CREATE OR REPLACE TABLE my_object_table (my_object OBJECT);
INSERT INTO my_object_table (my_object)
SELECT { 'PROVINCE': 'Alberta'::VARIANT , 'CAPITAL': 'Edmonton'::VARIANT };
INSERT INTO my_object_table (my_object)
SELECT OBJECT_CONSTRUCT('PROVINCE', 'Manitoba'::VARIANT , 'CAPITAL', 'Winnipeg'::VARIANT );
SELECT * FROM my_object_table;
+--------------------------+
| MY_OBJECT |
|--------------------------|
| { |
| "CAPITAL": "Edmonton", |
| "PROVINCE": "Alberta" |
| } |
| { |
| "CAPITAL": "Winnipeg", |
| "PROVINCE": "Manitoba" |
| } |
+--------------------------+
The following example uses a wildcard ({*}
) to insert OBJECT data by getting the attribute names and
values from the FROM clause. First, create a table named demo_ca_provinces
with VARCHAR
values that contain the province and capital names:
CREATE OR REPLACE TABLE demo_ca_provinces (province VARCHAR, capital VARCHAR);
INSERT INTO demo_ca_provinces (province, capital) VALUES
('Ontario', 'Toronto'),
('British Columbia', 'Victoria');
SELECT province, capital
FROM demo_ca_provinces
ORDER BY province;
+------------------+----------+
| PROVINCE | CAPITAL |
|------------------+----------|
| British Columbia | Victoria |
| Ontario | Toronto |
+------------------+----------+
Insert object data into the my_object_table
using the data in the demo_ca_provinces
table:
INSERT INTO my_object_table (my_object)
SELECT {*} FROM demo_ca_provinces;
SELECT * FROM my_object_table;
+----------------------------------+
| MY_OBJECT |
|----------------------------------|
| { |
| "CAPITAL": "Edmonton", |
| "PROVINCE": "Alberta" |
| } |
| { |
| "CAPITAL": "Winnipeg", |
| "PROVINCE": "Manitoba" |
| } |
| { |
| "CAPITAL": "Toronto", |
| "PROVINCE": "Ontario" |
| } |
| { |
| "CAPITAL": "Victoria", |
| "PROVINCE": "British Columbia" |
| } |
+----------------------------------+
The following example uses expressions for the values in an OBJECT constant:
SET my_variable = 10;
SELECT {'key1': $my_variable+1, 'key2': $my_variable+2};
+--------------------------------------------------+
| {'KEY1': $MY_VARIABLE+1, 'KEY2': $MY_VARIABLE+2} |
|--------------------------------------------------|
| { |
| "key1": 11, |
| "key2": 12 |
| } |
+--------------------------------------------------+
SQL statements specify string literals inside an OBJECT value with single quotes (as elsewhere in Snowflake SQL), but string literals inside an OBJECT value are displayed with double quotes:
SELECT { 'Manitoba': 'Winnipeg' } AS province_capital;
+--------------------------+
| PROVINCE_CAPITAL |
|--------------------------|
| { |
| "Manitoba": "Winnipeg" |
| } |
+--------------------------+
Accessing elements of an OBJECT value by key¶
To retrieve the value in an OBJECT value, specify the key in square brackets, as shown below:
SELECT my_variant_column['key1'] FROM my_table;
You can also use the colon operator. The following command shows that the results are the same whether you use the square brackets or the colon:
SELECT object_column['thirteen'],
object_column:thirteen
FROM object_example;
+---------------------------+------------------------+
| OBJECT_COLUMN['THIRTEEN'] | OBJECT_COLUMN:THIRTEEN |
|---------------------------+------------------------|
| 13 | 13 |
+---------------------------+------------------------+
For more information about the colon operator, see Dot Notation, which describes
the use of the :
and .
operators to access nested data.
Common uses for OBJECT data¶
OBJECT data is typically used when one or more of the following are true:
You have multiple pieces of data that are identified by strings. For example, if you want to look up information by province name, you might want to use an OBJECT value.

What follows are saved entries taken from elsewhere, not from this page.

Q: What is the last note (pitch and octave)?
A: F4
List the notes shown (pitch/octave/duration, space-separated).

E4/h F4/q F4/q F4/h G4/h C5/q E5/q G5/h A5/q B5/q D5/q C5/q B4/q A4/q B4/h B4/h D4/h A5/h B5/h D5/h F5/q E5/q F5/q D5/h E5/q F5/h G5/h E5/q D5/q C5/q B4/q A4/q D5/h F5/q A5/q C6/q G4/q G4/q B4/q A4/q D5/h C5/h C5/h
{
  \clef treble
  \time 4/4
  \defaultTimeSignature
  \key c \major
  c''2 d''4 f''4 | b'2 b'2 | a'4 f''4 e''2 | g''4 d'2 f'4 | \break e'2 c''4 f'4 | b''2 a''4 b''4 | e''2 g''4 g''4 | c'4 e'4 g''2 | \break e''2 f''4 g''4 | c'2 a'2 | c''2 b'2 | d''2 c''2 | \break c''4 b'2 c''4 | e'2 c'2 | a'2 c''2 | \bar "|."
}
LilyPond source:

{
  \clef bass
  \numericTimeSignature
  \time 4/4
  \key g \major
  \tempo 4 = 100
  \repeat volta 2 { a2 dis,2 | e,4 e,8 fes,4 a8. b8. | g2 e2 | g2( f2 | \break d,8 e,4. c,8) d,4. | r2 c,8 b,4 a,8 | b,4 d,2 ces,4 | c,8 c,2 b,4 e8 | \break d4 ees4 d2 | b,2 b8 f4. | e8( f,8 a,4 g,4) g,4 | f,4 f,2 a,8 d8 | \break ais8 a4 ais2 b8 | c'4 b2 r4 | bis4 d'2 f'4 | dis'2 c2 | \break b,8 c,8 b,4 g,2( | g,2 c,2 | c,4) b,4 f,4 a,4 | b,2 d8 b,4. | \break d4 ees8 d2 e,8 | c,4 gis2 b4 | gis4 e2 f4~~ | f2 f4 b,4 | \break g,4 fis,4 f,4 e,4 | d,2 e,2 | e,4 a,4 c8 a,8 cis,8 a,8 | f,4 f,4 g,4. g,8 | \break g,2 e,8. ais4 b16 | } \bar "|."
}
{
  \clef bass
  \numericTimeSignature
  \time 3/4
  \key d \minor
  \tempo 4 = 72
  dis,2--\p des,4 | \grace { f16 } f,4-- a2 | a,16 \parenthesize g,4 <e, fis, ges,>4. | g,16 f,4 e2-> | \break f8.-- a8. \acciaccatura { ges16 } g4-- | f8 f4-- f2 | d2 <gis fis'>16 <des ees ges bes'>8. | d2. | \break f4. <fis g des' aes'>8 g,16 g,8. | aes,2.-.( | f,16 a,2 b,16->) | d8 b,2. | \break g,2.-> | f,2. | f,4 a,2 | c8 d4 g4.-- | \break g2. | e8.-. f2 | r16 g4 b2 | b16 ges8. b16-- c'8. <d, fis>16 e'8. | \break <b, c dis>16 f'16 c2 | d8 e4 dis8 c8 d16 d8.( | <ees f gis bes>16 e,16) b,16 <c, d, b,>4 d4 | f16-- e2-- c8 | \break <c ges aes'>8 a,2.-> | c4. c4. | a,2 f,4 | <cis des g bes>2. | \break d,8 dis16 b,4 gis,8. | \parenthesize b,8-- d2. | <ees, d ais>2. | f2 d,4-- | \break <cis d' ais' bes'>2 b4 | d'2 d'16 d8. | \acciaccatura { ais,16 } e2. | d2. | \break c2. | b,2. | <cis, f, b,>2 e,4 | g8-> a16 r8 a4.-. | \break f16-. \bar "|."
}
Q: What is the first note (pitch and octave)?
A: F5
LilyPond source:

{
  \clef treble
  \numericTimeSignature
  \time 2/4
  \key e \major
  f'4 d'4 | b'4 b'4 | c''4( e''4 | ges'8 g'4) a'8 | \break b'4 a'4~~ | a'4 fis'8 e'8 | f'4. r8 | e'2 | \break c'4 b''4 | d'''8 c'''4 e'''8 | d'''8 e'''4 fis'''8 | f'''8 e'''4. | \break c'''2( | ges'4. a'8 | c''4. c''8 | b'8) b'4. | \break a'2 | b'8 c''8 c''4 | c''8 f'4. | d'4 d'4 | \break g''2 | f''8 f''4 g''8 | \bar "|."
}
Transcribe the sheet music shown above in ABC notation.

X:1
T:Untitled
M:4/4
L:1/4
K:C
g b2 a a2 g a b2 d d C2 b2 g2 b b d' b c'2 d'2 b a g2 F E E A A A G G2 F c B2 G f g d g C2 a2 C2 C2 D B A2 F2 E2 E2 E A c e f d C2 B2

You want to store information about the data with the data; the names (keys) are not merely distinct identifiers, but are meaningful.
The information has no natural order, or the order can be inferred solely from the keys.
The structure of the data varies, or the data can be incomplete. For example, if you want to create a catalog of books that usually contains the title, author name, and publication date, but in some cases the publication date is unknown, then you might want to use an OBJECT value.
ARRAY¶
A Snowflake array is similar to an array in many other programming languages. An array contains 0 or more pieces of data. Each element is accessed by specifying its position in the array.
Characteristics of an array¶
Each value in a semi-structured array is of type VARIANT. A VARIANT value can contain a value of any other data type.
Values of other data types can be cast to VARIANT values and then stored in an array. Some functions for arrays, including ARRAY_CONSTRUCT, can implicitly cast values to VARIANT values for you.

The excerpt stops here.